(Short descriptive text snippets)
- - - - -

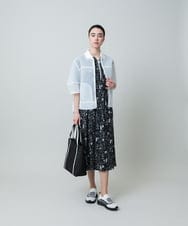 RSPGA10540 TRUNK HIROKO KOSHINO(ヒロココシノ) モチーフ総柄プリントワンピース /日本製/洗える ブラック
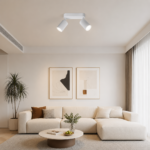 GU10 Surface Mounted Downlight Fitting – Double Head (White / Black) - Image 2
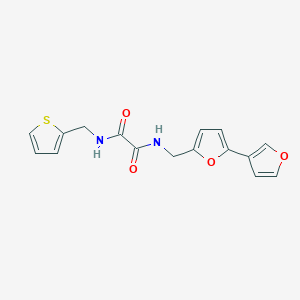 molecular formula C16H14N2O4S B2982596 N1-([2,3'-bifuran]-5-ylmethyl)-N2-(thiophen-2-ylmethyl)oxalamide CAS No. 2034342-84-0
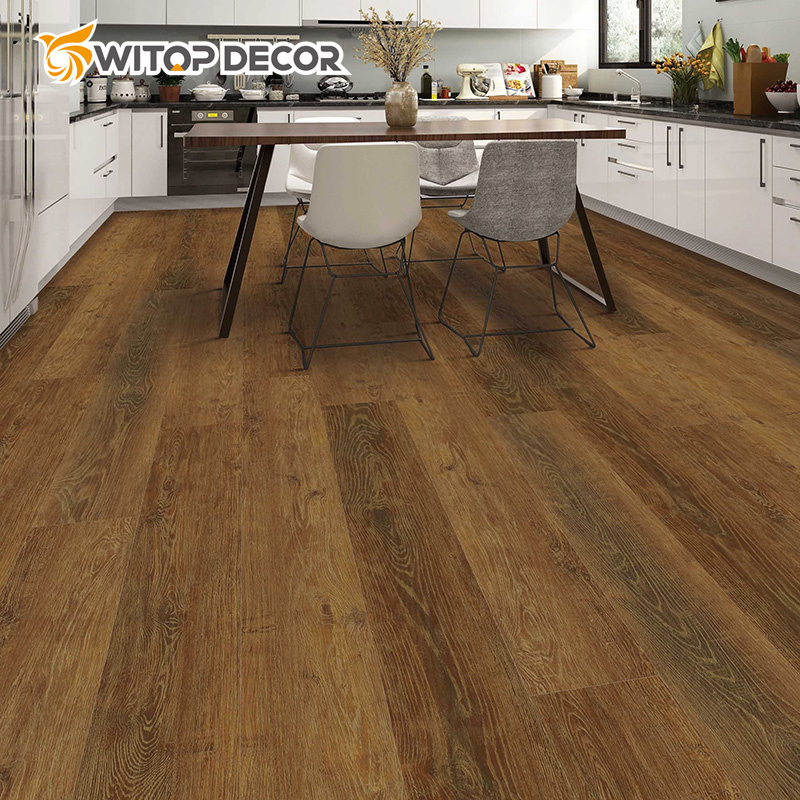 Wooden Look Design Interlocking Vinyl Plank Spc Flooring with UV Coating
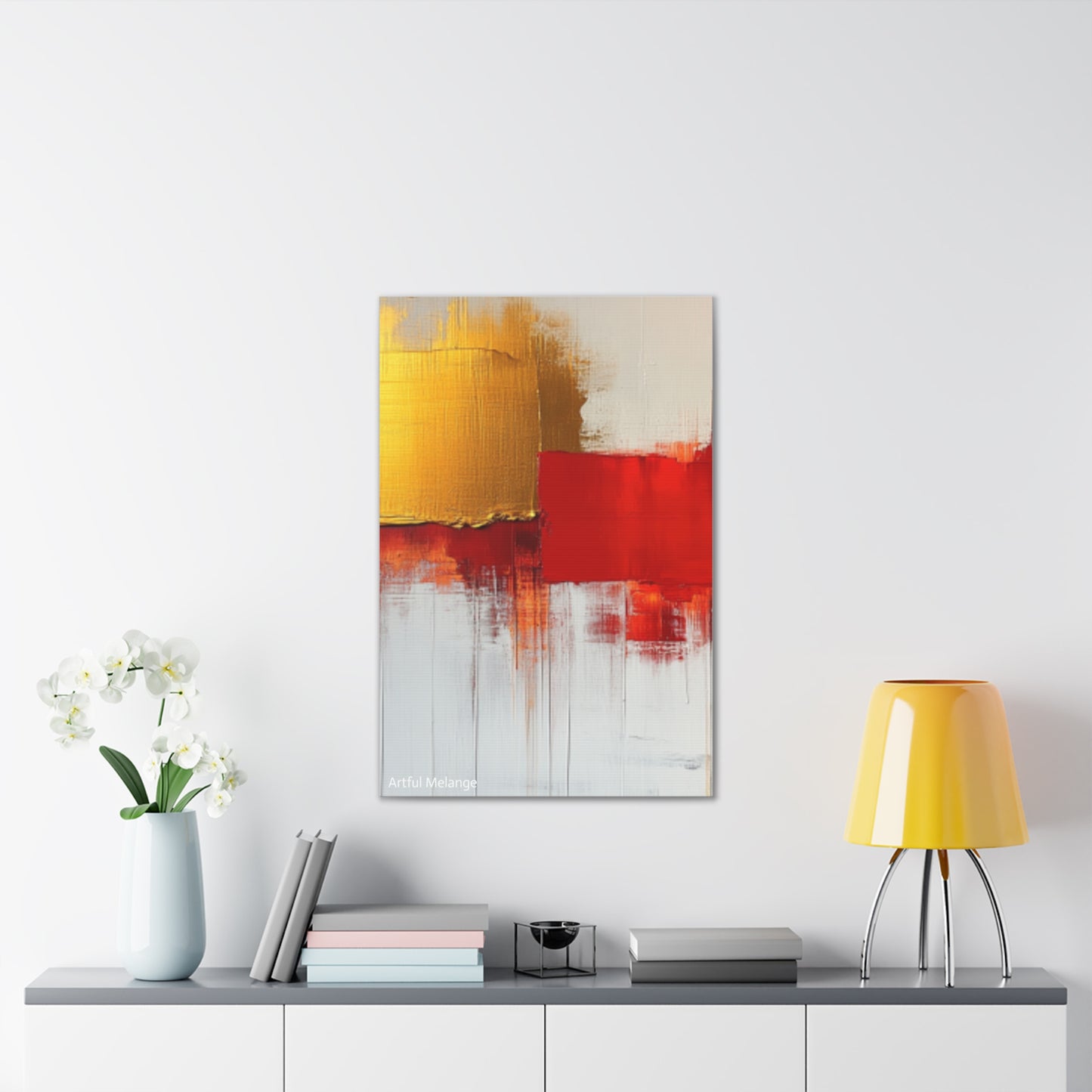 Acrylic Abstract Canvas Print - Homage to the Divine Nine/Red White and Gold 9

- - - - -

### Your objective
Exact repeats of the lines from the first one in the data through the line containing "Wooden Look Design" make up the answer. Pictures do not.

### Exercise result
 RSPGA10540 TRUNK HIROKO KOSHINO(ヒロココシノ) モチーフ総柄プリントワンピース /日本製/洗える ブラック
 GU10 Surface Mounted Downlight Fitting – Double Head (White / Black) - Image 2
 molecular formula C16H14N2O4S B2982596 N1-([2,3'-bifuran]-5-ylmethyl)-N2-(thiophen-2-ylmethyl)oxalamide CAS No. 2034342-84-0
 Wooden Look Design Interlocking Vinyl Plank Spc Flooring with UV Coating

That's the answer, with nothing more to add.